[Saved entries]
Content starts

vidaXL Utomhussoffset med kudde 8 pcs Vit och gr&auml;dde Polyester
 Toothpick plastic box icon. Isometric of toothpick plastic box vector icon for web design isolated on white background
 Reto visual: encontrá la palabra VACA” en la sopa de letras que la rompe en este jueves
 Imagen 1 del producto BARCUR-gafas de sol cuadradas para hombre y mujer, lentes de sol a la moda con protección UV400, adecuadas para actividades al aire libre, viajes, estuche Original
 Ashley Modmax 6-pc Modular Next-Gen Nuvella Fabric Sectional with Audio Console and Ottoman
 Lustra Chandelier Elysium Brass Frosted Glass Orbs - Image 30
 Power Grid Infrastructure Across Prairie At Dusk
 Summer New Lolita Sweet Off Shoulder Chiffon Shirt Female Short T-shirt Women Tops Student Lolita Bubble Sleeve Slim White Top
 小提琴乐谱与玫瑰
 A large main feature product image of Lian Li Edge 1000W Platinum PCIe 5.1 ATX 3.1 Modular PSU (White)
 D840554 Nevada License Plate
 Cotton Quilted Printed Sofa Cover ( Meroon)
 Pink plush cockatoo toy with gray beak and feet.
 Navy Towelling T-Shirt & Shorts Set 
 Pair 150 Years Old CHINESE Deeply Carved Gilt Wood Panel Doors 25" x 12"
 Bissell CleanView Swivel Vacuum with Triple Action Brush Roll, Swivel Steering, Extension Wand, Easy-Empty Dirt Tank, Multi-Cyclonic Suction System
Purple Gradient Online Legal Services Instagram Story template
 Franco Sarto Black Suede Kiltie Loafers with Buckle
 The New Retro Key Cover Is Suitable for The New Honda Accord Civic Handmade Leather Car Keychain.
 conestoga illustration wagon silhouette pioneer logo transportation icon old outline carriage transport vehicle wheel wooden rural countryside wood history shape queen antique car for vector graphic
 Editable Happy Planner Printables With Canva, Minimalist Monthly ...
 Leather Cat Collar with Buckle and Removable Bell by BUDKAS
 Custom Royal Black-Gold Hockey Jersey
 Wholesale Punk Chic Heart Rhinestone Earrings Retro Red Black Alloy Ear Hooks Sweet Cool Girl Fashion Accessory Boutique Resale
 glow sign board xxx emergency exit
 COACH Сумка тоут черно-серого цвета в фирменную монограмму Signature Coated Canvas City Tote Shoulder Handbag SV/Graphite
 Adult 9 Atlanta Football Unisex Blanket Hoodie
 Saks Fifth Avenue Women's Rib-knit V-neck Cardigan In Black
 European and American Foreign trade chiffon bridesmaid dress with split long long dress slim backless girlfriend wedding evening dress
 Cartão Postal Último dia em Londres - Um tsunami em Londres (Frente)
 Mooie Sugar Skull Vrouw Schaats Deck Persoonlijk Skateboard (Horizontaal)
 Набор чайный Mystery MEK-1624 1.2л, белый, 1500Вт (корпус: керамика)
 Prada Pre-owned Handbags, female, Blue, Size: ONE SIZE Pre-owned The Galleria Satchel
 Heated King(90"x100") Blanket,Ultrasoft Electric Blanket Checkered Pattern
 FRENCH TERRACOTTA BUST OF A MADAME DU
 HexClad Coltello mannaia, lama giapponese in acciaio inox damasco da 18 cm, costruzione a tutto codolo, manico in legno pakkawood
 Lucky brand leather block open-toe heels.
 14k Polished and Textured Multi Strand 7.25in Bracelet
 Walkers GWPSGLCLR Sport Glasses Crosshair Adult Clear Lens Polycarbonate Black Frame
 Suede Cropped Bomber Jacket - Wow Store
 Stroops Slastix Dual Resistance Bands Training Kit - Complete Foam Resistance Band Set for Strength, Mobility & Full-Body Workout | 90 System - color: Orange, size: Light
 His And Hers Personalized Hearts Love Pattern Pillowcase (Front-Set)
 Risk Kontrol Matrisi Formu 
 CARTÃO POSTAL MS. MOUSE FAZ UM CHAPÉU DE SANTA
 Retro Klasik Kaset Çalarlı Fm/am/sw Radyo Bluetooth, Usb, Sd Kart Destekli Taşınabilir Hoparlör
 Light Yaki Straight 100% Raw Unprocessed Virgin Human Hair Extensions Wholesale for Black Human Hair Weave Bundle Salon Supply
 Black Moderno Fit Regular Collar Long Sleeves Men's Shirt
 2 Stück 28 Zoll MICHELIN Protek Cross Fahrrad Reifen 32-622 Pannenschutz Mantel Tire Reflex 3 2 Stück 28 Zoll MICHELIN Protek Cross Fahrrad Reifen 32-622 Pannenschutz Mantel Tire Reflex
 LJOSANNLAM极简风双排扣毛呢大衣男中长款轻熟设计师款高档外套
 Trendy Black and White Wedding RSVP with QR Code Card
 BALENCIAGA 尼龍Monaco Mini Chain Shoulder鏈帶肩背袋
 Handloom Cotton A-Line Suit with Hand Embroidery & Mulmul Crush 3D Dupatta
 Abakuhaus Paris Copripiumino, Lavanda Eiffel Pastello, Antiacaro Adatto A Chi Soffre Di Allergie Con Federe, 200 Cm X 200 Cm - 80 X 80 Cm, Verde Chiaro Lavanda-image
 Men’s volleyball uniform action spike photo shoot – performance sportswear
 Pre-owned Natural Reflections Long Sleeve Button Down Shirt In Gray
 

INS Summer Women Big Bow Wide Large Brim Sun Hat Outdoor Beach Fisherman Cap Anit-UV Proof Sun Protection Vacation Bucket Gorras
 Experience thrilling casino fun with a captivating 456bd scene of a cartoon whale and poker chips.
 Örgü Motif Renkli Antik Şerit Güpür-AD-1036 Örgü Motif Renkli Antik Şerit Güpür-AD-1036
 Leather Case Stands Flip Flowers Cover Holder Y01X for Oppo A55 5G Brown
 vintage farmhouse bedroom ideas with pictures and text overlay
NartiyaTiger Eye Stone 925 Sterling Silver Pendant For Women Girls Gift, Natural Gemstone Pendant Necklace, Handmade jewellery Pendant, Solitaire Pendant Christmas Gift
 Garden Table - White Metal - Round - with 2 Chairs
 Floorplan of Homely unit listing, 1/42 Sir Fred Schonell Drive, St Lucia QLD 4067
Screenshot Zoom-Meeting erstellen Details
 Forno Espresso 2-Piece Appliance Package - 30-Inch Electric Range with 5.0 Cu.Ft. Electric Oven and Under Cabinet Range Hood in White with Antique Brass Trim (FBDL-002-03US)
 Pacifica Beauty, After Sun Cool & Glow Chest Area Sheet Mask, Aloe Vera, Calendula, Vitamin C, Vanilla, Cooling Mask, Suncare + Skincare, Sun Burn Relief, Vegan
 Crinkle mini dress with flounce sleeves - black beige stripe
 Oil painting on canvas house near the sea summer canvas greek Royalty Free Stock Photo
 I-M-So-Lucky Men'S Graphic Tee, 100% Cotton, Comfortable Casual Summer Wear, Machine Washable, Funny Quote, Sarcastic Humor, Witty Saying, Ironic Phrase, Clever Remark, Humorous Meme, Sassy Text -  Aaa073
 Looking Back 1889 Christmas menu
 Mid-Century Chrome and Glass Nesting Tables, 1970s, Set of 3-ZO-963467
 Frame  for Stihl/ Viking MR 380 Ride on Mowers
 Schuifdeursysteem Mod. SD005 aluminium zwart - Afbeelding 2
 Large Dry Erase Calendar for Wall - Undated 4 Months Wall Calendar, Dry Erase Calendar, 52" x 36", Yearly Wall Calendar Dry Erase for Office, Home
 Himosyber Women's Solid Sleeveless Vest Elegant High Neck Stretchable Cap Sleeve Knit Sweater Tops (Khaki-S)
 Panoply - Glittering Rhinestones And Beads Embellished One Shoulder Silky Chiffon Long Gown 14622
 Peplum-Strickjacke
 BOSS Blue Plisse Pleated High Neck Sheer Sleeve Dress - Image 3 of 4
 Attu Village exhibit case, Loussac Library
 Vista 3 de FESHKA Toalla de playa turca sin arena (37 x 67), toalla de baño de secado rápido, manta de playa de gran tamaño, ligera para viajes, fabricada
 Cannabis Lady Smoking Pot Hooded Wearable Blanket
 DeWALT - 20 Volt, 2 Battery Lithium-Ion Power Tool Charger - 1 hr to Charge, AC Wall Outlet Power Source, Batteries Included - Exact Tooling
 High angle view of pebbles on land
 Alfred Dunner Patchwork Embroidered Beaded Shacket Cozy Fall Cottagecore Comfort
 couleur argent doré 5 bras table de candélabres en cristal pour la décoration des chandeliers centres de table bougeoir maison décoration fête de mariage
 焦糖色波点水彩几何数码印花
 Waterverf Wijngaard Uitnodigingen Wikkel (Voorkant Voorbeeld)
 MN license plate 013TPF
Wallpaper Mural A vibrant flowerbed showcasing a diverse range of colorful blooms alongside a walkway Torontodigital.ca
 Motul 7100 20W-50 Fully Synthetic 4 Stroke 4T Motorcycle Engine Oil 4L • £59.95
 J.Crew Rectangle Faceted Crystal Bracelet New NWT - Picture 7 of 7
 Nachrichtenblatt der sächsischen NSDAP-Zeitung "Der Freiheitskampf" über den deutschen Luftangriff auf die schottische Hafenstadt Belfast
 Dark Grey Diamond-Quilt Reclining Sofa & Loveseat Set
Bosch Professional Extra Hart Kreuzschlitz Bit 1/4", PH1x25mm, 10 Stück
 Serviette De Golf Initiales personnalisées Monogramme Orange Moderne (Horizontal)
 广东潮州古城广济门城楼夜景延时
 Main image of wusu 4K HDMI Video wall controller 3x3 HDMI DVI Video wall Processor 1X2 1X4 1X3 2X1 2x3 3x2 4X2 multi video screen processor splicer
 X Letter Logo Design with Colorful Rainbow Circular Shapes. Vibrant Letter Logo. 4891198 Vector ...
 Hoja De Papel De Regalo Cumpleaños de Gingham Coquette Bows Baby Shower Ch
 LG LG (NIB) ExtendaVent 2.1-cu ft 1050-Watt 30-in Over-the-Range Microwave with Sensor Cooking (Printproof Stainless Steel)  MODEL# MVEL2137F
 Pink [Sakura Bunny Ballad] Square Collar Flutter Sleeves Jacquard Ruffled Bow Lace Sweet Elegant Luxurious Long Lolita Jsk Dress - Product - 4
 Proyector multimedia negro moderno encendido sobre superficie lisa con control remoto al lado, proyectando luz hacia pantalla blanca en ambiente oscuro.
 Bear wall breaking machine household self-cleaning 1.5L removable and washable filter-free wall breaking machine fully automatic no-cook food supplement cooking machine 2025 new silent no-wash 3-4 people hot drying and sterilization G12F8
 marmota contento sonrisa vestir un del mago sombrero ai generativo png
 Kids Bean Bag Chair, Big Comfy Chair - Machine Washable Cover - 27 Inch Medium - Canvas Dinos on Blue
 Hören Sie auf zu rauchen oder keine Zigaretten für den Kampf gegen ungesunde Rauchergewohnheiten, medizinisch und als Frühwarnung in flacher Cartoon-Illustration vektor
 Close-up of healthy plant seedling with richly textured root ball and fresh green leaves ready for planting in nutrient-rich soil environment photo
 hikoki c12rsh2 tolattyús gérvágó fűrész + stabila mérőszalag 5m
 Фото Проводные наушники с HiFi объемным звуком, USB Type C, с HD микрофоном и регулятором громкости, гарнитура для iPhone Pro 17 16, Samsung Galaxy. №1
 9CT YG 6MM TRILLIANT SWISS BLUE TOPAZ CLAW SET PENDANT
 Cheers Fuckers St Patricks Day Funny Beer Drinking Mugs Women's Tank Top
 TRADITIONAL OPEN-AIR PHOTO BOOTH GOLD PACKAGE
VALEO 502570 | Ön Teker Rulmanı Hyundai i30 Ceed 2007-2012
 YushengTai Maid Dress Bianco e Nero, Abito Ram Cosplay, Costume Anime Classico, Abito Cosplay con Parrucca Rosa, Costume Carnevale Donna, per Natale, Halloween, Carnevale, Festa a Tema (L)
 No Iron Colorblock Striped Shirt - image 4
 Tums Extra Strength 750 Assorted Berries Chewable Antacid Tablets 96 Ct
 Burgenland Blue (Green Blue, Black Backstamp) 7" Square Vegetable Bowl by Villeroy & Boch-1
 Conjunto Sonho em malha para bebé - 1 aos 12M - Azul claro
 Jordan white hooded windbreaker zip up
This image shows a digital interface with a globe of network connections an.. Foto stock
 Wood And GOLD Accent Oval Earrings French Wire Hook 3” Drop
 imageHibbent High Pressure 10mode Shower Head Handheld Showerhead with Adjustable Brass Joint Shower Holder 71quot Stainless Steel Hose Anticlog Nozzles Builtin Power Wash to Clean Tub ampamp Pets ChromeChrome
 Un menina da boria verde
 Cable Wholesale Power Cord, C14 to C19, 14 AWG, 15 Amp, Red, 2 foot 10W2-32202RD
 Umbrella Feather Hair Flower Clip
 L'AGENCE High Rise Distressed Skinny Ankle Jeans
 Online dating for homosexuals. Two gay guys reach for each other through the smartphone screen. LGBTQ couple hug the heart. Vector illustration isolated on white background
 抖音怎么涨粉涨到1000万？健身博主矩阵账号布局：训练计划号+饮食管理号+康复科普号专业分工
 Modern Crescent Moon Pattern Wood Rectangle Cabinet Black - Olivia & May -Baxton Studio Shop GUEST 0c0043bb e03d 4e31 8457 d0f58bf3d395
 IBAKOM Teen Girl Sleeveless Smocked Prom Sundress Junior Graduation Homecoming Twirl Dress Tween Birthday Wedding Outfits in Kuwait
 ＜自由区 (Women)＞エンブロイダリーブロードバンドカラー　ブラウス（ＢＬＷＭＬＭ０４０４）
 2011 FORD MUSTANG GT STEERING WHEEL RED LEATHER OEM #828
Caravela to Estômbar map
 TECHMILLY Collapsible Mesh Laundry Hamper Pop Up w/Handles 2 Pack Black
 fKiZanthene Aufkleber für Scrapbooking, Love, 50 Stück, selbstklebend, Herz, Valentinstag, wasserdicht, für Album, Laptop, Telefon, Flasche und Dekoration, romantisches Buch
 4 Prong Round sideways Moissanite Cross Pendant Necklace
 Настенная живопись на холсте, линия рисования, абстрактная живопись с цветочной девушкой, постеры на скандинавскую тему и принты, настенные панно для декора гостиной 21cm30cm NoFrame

Content ends

WHAT THE TASK ASKS – Only the lines from the beginning of the data above through the line containing "Wholesale Punk Chic" should be repeated, exactly as they appear.

ANSWER SECTION –
vidaXL Utomhussoffset med kudde 8 pcs Vit och gr&auml;dde Polyester
 Toothpick plastic box icon. Isometric of toothpick plastic box vector icon for web design isolated on white background
 Reto visual: encontrá la palabra VACA” en la sopa de letras que la rompe en este jueves
 Imagen 1 del producto BARCUR-gafas de sol cuadradas para hombre y mujer, lentes de sol a la moda con protección UV400, adecuadas para actividades al aire libre, viajes, estuche Original
 Ashley Modmax 6-pc Modular Next-Gen Nuvella Fabric Sectional with Audio Console and Ottoman
 Lustra Chandelier Elysium Brass Frosted Glass Orbs - Image 30
 Power Grid Infrastructure Across Prairie At Dusk
 Summer New Lolita Sweet Off Shoulder Chiffon Shirt Female Short T-shirt Women Tops Student Lolita Bubble Sleeve Slim White Top
 小提琴乐谱与玫瑰
 A large main feature product image of Lian Li Edge 1000W Platinum PCIe 5.1 ATX 3.1 Modular PSU (White)
 D840554 Nevada License Plate
 Cotton Quilted Printed Sofa Cover ( Meroon)
 Pink plush cockatoo toy with gray beak and feet.
 Navy Towelling T-Shirt & Shorts Set 
 Pair 150 Years Old CHINESE Deeply Carved Gilt Wood Panel Doors 25" x 12"
 Bissell CleanView Swivel Vacuum with Triple Action Brush Roll, Swivel Steering, Extension Wand, Easy-Empty Dirt Tank, Multi-Cyclonic Suction System
Purple Gradient Online Legal Services Instagram Story template
 Franco Sarto Black Suede Kiltie Loafers with Buckle
 The New Retro Key Cover Is Suitable for The New Honda Accord Civic Handmade Leather Car Keychain.
 conestoga illustration wagon silhouette pioneer logo transportation icon old outline carriage transport vehicle wheel wooden rural countryside wood history shape queen antique car for vector graphic
 Editable Happy Planner Printables With Canva, Minimalist Monthly ...
 Leather Cat Collar with Buckle and Removable Bell by BUDKAS
 Custom Royal Black-Gold Hockey Jersey
 Wholesale Punk Chic Heart Rhinestone Earrings Retro Red Black Alloy Ear Hooks Sweet Cool Girl Fashion Accessory Boutique Resale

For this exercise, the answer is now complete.